Car pour ce passionné, l’immense toile (cinq mètres sur sept) est une “allégorie du cannibalisme politique napoléonien et de l’empire colonialiste-esclavagiste qui a dévoré sa jeunesse dans les guerres napoléoniennes et n’a pas d’avenir”. Elle s’inspire d’un fait-divers : le naufrage, au large de la Mauritanie, de la frégate Méduse en 1816, et du récit fait par deux des 15 survivants sur environ 150 marins, subordonnés et opposants politiques, qui se retrouvèrent abandonnés à la mer par leur commandant royaliste sur un radeau de fortune.

Après s’être entredéchirés et entredévorés pour survivre, ils ne durent leur salut qu’à un autre bateau, l’Argus. “Le passé, représenté par le père qui porte son fils mort, c’est Napoléon et l’empire. Il tourne le dos au présent, la grappe humaine en train de ressusciter au cœur du tableau, et au futur, un jeune métis, au sommet du radeau, héros qui agite des morceaux d’étoffe rouge et blanche pour alerter l’Argus et porte une culotte bleue, référence aux couleurs républicaines”, précise-t-il.

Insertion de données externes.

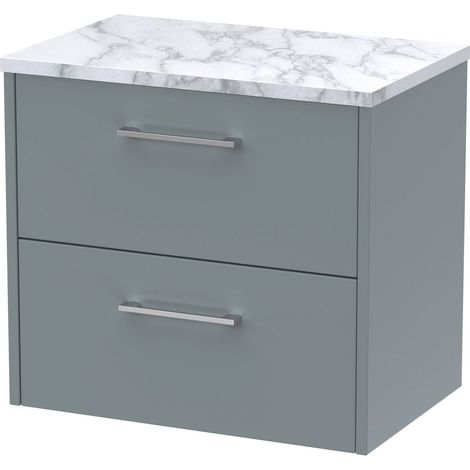 Winshill Contemporary 2 Drawer Wall Hung Vanity Unit with Laminate Worktop, Grey, 600mm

“C’est l’avenir qui va sauver ses camarades blancs alors que Napoléon a rétabli l’esclavage”, ajoute-t-il, une thèse soutenue par l’historien Jules Michelet et le critique d’art Charles Blanc. Le tableau n’a été acheté par l’État français qu’après la mort du peintre en 1824. En 2018, il figurait dans le clip de Beyoncé et Jay-Z, “Apeshit”, au Louvre. Ce clip célèbre la réussite d’un couple africain-américain aux États-Unis et défend une meilleure représentation des Noir·e·s dans l’histoire de l’art.